German general (1888–1943)

Wolfgang Fischer (11 December 1888 – 1 February 1943) was a German career military officer who served in the German army from 1910 until his death. As a Generalleutnant in the Wehrmacht of Nazi Germany during World War II, he was killed on 1 February 1943 west of Kairouan in Tunisia when his staff car drove into a small Italian minefield marked by barbed wire and hit a land mine. He lost his left arm and both of his legs in the blast. He bled to death while writing a farewell letter to his wife.
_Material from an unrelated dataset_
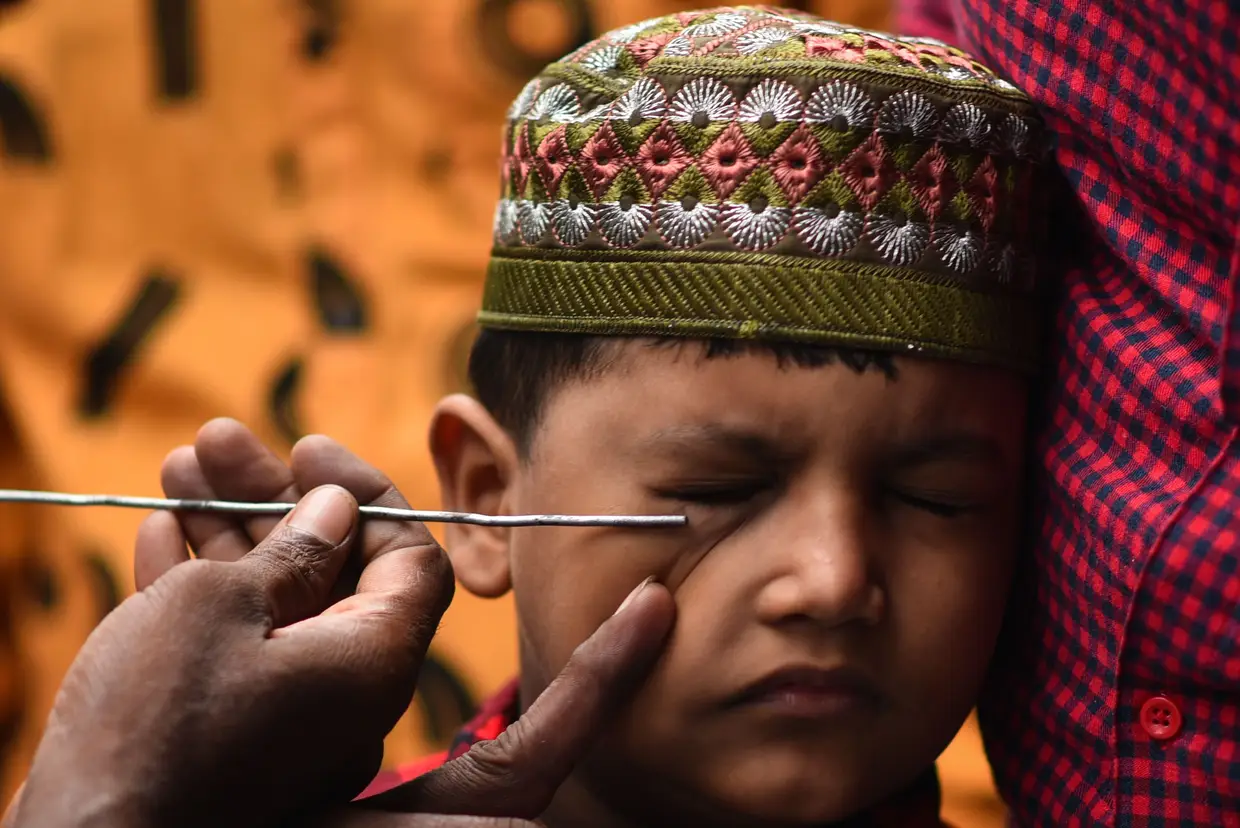 Um menino é pintado nos olhos com o tradicional delineador Kohl, nas celebrações do festival Eid Al-Adha em Chennai, na Índia.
== Early life and World War I ==
Fischer was born in 1888 at Carolath in Silesia (today, Siedlisko in Poland). He began his military career in the Royal Prussian Army by joining the 154th (5th Lower Silesian) Infantry Regiment with the rank of Fahnenjunker on 18 March 1910. When World War I broke out, he was transferred to the 7th Landwehr Infantry Regiment as a platoon leader. He was later named adjutant of the 3rd Landwehr Division in late 1915. He held the same position with the 22nd Landwehr Infantry Brigade in the fall of 1917, serving on the western front. He remained in this post until the end of the war, attaining the rank of Hauptmann.

== Interwar years ==
Fischer joined a battalion of Freikorps volunteers during the German Revolution of 1918–1919. He was accepted into the post-war Reichswehr in 1919, and was assigned to the 3rd (Prussian) Infantry Regiment at Deutsch Eylau (now Iława, Poland) from 1920 to 1929. Between 1929 and 1934, he was a company commander in the 6th Infantry Regiment at Lübeck. He advanced to a battalion commander in the 46th Infantry Regiment from October 1934 to September 1937, when he was attached to the staff of the 69th Infantry Regiment. As an Oberst, Fischer was made commander of the regiment on 4 February 1938 during the Blomberg–Fritsch affair.

== World War II ==
Fischer commanded the 69th Infantry Regiment until October 1939, and the 10th Rifle Brigade of the 10th Panzer Division from October 1939 to August 1941. He was promoted to Generalmajor on 1 August 1941, a day before he took command of the 10th Panzer Division, and to Generalleutnant on 1 November 1942.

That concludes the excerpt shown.